(RECORDED DATA)
# # #

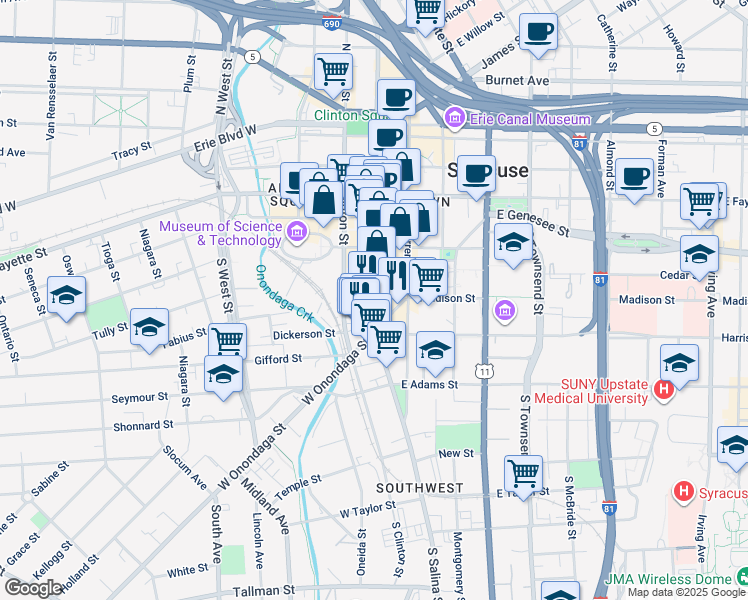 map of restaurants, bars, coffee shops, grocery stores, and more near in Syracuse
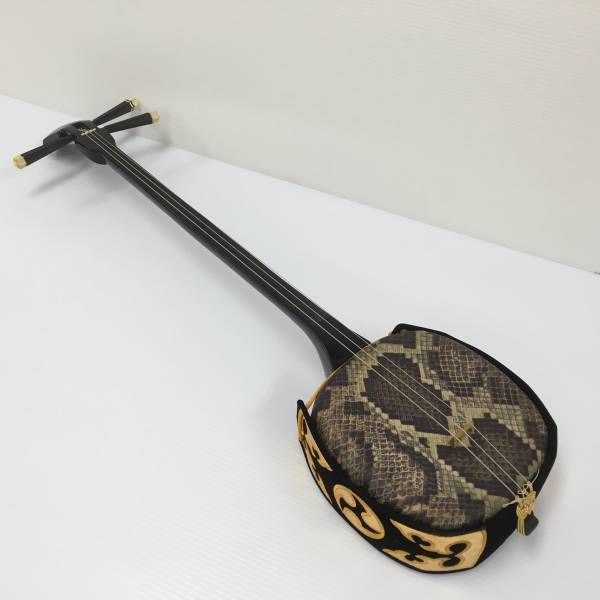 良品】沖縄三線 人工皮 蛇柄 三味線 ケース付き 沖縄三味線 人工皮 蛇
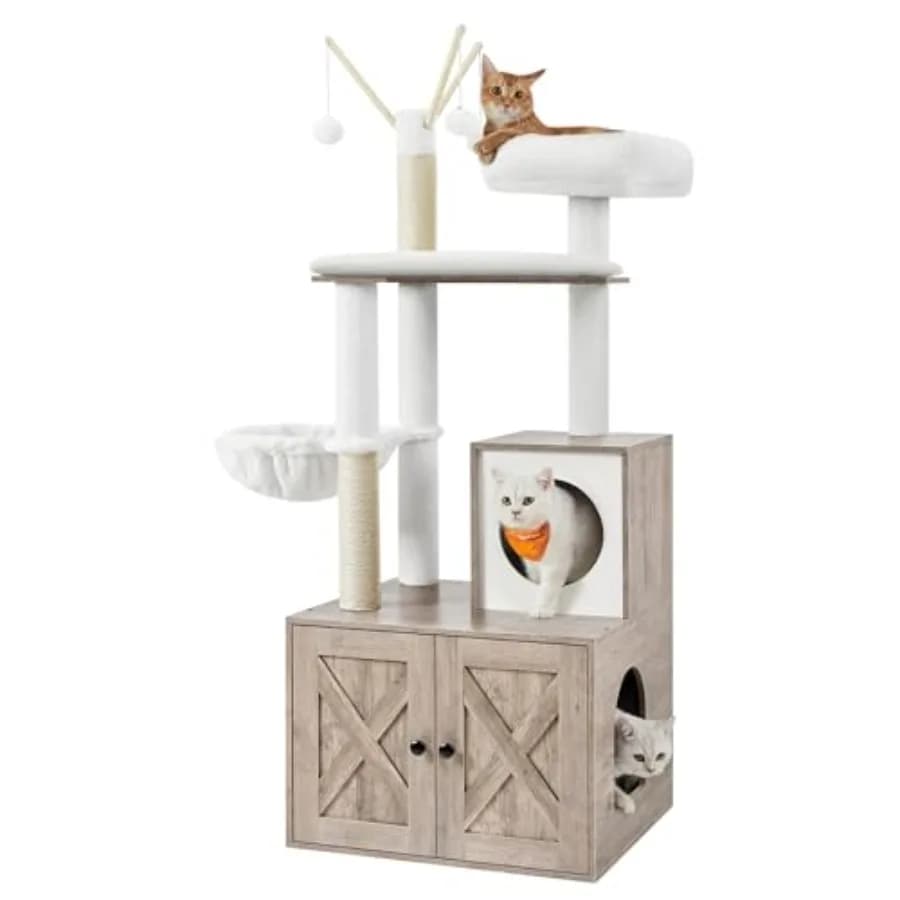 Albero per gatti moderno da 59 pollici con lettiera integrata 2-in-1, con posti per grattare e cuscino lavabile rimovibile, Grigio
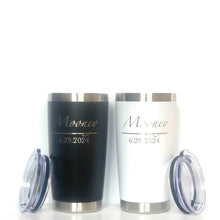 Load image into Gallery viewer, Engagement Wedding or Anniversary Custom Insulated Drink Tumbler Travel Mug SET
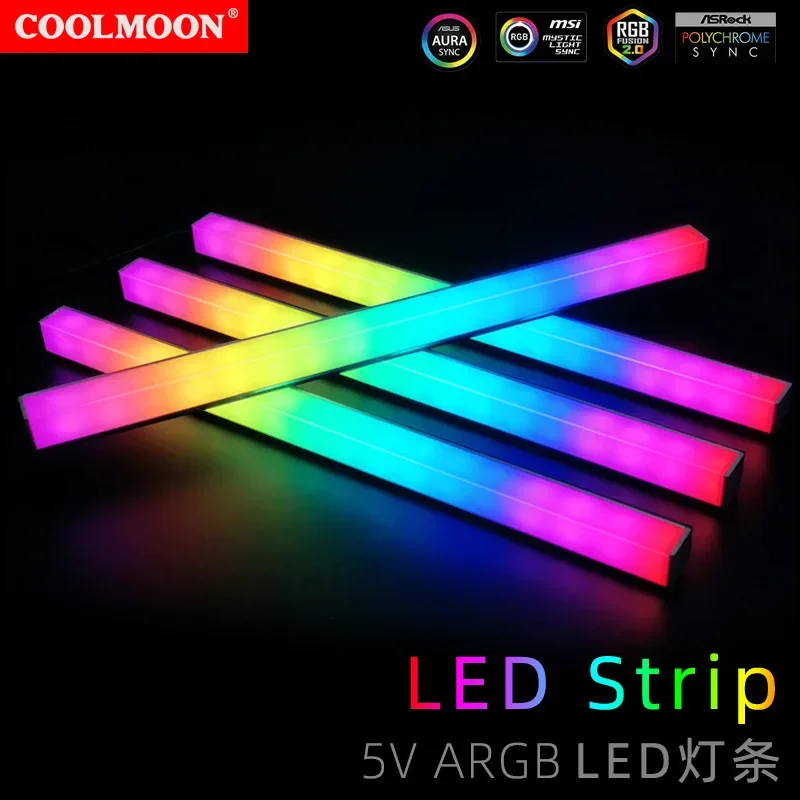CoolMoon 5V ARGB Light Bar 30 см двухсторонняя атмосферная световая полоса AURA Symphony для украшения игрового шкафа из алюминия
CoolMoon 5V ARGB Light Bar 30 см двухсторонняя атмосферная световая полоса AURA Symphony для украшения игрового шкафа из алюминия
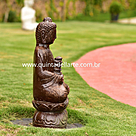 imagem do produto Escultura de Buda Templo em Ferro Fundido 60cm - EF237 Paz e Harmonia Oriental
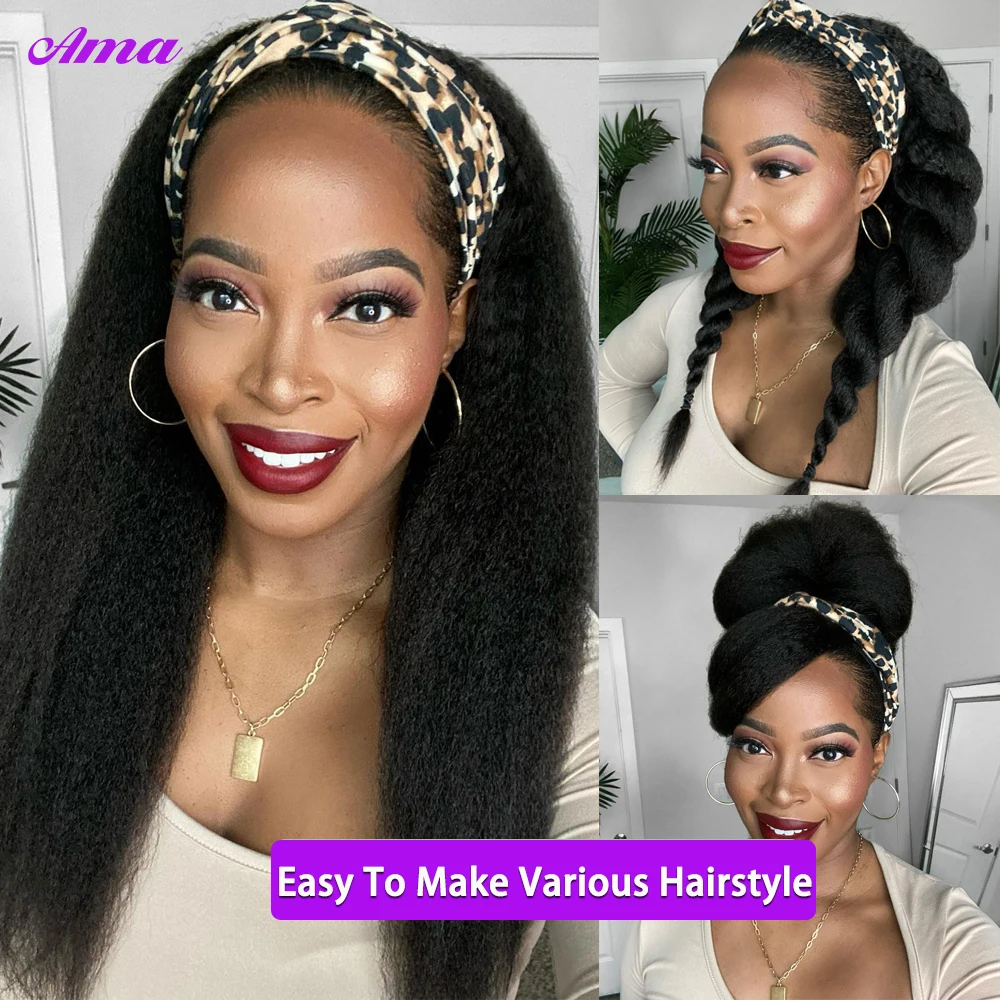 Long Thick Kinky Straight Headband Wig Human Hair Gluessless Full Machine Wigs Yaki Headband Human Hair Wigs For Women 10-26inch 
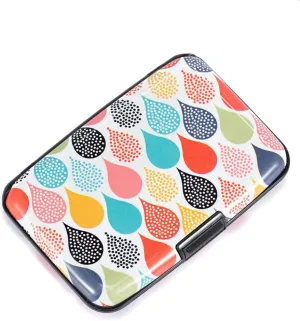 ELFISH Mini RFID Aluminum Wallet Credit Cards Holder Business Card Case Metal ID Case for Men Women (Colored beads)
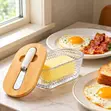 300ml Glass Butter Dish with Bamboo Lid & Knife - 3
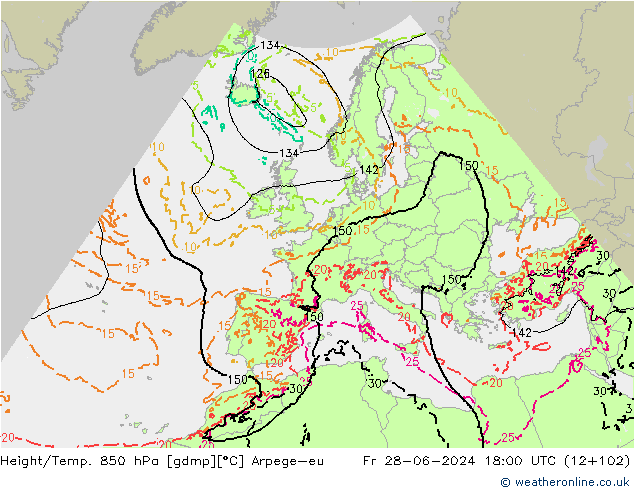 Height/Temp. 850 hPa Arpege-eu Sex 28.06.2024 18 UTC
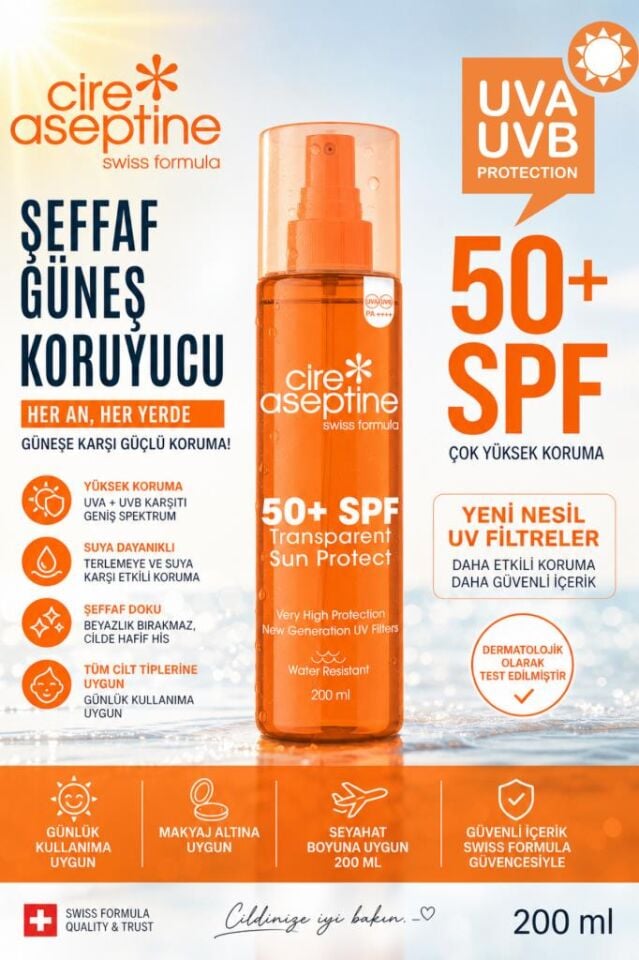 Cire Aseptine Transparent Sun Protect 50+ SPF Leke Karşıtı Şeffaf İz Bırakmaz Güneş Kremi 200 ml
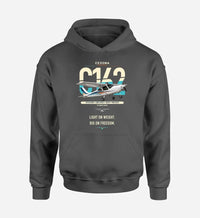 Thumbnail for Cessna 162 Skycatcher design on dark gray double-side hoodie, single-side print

# # #

(TASK BRIEF) Where pictures appear, skip them and transcribe all other material word for word.

(RESPONSE AREA)
 map of restaurants, bars, coffee shops, grocery stores, and more near in Syracuse
 良品】沖縄三線 人工皮 蛇柄 三味線 ケース付き 沖縄三味線 人工皮 蛇
 Albero per gatti moderno da 59 pollici con lettiera integrata 2-in-1, con posti per grattare e cuscino lavabile rimovibile, Grigio
 Load image into Gallery viewer, Engagement Wedding or Anniversary Custom Insulated Drink Tumbler Travel Mug SET
CoolMoon 5V ARGB Light Bar 30 см двухсторонняя атмосферная световая полоса AURA Symphony для украшения игрового шкафа из алюминия
CoolMoon 5V ARGB Light Bar 30 см двухсторонняя атмосферная световая полоса AURA Symphony для украшения игрового шкафа из алюминия
 imagem do produto Escultura de Buda Templo em Ferro Fundido 60cm - EF237 Paz e Harmonia Oriental
 Long Thick Kinky Straight Headband Wig Human Hair Gluessless Full Machine Wigs Yaki Headband Human Hair Wigs For Women 10-26inch 
 ELFISH Mini RFID Aluminum Wallet Credit Cards Holder Business Card Case Metal ID Case for Men Women (Colored beads)
 300ml Glass Butter Dish with Bamboo Lid & Knife - 3
 Height/Temp. 850 hPa Arpege-eu Sex 28.06.2024 18 UTC
 Cire Aseptine Transparent Sun Protect 50+ SPF Leke Karşıtı Şeffaf İz Bırakmaz Güneş Kremi 200 ml
 Thumbnail for Cessna 162 Skycatcher design on dark gray double-side hoodie, single-side print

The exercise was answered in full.